╭─ Given data

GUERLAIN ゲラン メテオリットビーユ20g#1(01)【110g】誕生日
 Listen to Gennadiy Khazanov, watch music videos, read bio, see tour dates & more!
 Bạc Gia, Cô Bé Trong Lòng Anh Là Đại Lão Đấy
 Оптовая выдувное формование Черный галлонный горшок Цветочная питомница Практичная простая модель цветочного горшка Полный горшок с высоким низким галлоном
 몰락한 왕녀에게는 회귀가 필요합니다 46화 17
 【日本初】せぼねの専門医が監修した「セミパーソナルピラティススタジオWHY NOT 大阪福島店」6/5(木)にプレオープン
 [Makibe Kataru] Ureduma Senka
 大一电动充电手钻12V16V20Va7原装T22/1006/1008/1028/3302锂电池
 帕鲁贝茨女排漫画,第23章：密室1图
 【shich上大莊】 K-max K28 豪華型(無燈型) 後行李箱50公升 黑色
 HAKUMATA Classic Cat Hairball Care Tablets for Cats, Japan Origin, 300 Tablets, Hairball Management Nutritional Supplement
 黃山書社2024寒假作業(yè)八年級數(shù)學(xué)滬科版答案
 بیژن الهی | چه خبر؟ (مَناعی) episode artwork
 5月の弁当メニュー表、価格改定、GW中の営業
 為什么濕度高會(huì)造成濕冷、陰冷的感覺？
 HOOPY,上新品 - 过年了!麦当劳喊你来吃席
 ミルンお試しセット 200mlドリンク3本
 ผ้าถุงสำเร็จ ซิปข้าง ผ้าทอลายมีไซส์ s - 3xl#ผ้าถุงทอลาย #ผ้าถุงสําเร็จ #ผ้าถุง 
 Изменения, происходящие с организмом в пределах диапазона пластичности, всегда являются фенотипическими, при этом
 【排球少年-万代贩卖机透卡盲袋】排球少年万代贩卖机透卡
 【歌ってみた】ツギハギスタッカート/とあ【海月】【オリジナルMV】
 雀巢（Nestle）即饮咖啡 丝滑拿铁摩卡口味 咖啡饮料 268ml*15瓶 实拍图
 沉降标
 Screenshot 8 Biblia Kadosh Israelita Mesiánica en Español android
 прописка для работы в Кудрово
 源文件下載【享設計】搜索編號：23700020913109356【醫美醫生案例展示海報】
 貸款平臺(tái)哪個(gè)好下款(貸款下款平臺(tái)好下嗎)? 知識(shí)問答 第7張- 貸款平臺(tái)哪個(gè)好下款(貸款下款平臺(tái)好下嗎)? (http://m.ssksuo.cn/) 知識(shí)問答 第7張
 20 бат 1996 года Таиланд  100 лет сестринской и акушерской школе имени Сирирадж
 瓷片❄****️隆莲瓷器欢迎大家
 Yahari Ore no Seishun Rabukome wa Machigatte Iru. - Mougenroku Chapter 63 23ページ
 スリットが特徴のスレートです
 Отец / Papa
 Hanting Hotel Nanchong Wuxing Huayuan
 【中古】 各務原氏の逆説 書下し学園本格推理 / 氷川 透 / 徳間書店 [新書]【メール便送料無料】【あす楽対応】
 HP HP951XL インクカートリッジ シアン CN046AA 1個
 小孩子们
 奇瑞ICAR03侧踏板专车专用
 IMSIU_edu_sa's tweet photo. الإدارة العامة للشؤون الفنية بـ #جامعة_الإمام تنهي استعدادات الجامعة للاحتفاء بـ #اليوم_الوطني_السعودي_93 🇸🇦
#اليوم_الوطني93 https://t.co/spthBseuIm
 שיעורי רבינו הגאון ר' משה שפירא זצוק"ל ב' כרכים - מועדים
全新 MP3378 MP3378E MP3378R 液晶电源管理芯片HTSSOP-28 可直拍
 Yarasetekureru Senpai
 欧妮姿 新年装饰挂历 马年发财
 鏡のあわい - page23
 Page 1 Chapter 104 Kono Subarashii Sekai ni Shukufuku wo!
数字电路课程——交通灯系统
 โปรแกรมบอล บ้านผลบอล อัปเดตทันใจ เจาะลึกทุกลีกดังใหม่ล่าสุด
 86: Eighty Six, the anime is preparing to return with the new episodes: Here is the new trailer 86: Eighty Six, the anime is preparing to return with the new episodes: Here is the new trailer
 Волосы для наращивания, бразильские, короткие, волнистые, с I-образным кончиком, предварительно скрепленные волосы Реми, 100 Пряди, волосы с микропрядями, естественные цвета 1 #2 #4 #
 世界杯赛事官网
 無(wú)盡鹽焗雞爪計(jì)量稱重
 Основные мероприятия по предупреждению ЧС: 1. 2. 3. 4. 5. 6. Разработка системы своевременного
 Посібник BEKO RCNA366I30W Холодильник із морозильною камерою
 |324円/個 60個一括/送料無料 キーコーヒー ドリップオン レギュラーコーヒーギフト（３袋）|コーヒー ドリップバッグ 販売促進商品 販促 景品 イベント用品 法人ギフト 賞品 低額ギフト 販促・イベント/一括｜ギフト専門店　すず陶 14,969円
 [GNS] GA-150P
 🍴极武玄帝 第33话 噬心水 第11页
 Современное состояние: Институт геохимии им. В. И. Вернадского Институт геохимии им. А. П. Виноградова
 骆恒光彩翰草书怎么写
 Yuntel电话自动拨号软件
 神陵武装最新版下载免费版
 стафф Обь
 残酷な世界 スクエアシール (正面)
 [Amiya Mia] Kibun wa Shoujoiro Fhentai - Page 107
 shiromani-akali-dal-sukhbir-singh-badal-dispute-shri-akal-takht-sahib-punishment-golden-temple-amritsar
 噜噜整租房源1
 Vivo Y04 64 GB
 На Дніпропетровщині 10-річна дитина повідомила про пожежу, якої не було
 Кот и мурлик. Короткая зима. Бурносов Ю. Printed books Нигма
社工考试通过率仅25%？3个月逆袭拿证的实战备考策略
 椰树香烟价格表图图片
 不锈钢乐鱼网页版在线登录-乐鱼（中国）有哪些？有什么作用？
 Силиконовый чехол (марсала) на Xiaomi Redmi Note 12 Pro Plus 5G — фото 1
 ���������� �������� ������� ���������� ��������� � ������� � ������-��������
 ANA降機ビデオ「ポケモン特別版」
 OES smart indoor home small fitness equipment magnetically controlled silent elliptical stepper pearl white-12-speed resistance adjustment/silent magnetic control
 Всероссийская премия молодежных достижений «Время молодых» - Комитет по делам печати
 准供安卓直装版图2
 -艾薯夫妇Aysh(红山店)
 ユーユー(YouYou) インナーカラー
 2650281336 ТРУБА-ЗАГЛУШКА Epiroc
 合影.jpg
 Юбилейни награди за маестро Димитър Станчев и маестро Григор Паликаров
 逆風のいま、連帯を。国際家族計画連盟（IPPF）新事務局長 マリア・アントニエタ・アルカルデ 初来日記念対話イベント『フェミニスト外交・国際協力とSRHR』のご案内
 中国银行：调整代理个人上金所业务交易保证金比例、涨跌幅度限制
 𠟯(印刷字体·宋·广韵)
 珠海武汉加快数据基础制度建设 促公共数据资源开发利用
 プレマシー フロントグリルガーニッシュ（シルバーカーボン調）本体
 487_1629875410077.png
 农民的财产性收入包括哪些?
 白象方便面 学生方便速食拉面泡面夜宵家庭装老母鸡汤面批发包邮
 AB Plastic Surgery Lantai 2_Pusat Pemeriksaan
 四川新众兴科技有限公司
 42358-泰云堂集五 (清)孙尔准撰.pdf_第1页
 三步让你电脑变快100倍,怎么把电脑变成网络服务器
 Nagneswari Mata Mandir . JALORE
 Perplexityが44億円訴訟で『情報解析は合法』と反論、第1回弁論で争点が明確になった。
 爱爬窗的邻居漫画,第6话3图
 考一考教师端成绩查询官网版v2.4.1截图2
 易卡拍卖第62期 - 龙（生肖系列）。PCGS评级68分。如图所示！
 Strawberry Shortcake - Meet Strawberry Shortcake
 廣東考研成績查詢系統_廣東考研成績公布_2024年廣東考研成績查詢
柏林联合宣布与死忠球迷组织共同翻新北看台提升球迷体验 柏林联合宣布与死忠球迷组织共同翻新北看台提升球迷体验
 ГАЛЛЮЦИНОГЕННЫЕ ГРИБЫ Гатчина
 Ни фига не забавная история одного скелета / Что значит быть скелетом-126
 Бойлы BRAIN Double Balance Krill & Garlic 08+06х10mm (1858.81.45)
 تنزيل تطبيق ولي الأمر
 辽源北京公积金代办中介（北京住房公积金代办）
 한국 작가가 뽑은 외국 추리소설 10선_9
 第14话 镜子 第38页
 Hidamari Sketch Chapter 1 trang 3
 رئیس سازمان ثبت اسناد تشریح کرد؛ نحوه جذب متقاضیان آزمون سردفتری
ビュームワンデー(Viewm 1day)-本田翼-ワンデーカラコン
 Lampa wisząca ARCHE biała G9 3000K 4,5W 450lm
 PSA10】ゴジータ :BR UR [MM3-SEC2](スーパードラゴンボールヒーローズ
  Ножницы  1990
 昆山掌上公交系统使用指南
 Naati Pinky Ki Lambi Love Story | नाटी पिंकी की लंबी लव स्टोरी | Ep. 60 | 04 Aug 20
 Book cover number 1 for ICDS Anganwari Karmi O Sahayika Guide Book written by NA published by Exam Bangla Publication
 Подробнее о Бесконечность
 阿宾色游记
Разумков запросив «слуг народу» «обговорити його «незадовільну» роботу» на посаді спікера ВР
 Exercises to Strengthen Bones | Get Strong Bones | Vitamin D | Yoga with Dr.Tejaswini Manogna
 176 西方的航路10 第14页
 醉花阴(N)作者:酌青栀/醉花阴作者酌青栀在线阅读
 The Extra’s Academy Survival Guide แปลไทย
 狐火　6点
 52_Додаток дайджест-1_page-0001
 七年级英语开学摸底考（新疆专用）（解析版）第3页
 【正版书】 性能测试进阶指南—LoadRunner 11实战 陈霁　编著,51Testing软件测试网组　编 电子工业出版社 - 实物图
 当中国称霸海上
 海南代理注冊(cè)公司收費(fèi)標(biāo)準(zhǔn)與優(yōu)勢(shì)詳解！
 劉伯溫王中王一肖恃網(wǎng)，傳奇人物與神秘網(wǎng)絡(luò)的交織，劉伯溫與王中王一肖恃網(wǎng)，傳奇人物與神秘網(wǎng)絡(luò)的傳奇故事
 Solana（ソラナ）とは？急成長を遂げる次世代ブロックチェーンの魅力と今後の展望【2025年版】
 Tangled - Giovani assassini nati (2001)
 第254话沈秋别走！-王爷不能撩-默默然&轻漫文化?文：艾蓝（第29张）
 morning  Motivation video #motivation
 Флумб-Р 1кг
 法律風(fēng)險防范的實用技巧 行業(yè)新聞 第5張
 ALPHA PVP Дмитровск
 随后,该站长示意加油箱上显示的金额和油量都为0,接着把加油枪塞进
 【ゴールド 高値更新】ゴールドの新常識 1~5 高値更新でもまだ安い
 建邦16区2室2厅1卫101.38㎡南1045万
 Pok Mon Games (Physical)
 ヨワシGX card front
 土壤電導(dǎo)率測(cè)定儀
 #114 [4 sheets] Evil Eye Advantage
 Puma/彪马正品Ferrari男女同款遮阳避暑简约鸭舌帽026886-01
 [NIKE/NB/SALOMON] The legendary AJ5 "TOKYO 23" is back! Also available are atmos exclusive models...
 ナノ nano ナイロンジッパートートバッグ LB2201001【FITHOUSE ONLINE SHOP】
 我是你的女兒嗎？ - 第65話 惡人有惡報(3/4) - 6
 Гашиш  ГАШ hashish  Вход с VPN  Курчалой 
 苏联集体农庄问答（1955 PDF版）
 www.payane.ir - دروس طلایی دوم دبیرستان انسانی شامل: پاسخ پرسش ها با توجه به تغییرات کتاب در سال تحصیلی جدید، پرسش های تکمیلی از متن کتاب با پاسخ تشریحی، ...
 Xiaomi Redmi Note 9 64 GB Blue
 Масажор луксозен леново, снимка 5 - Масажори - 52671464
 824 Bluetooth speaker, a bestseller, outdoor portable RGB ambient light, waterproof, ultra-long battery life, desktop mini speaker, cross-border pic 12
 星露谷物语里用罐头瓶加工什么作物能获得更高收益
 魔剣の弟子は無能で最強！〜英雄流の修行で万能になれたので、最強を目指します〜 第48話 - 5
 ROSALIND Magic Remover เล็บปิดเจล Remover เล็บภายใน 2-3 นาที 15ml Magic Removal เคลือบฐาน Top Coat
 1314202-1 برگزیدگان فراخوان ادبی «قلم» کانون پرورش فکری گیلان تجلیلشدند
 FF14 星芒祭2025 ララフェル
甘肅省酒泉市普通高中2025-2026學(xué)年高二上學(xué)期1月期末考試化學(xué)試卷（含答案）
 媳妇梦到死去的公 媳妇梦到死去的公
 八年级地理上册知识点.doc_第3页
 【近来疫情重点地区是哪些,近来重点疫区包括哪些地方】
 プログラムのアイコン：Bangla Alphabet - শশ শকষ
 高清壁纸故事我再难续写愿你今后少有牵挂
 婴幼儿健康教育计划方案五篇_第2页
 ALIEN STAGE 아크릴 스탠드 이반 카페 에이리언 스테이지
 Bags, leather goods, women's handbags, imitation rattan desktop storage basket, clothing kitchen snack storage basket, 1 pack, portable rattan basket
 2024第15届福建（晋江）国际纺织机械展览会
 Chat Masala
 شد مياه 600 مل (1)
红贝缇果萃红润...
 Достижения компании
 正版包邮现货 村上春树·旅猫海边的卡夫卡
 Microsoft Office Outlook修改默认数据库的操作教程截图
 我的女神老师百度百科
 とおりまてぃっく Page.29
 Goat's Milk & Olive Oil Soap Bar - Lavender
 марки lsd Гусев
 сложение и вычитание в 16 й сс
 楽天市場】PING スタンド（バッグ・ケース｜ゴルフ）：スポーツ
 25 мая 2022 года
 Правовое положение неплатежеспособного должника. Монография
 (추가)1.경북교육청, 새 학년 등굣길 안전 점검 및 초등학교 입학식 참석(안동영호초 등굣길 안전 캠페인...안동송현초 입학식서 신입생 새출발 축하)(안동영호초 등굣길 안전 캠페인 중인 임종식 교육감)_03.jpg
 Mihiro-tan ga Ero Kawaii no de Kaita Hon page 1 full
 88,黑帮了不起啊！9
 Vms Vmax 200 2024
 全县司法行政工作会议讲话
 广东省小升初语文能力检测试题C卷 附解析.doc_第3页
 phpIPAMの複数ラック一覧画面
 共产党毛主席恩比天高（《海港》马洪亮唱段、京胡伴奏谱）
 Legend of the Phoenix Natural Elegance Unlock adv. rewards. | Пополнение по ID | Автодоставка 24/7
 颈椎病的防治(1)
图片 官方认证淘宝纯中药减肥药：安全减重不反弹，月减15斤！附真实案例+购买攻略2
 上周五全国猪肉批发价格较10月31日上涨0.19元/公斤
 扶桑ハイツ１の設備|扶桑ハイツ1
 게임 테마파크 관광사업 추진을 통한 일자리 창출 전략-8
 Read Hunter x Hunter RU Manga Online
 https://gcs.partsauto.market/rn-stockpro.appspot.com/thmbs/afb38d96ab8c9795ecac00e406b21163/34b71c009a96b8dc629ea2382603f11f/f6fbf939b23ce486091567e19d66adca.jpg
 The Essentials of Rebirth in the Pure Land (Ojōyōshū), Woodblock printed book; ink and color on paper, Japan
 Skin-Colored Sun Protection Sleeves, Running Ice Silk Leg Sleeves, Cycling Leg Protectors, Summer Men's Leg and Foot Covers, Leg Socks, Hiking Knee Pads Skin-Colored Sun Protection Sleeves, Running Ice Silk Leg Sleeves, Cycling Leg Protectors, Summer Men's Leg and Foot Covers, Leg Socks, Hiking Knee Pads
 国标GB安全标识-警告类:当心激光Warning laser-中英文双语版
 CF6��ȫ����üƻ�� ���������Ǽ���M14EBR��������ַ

╰─

What you need to do:
Output exactly the lines of the records from the first through the one bearing "Bạc Gia, Cô Bé Trong Lòng Anh Là Đại Lão Đấy", both ends included.

Result below:
GUERLAIN ゲラン メテオリットビーユ20g#1(01)【110g】誕生日
 Listen to Gennadiy Khazanov, watch music videos, read bio, see tour dates & more!
 Bạc Gia, Cô Bé Trong Lòng Anh Là Đại Lão Đấy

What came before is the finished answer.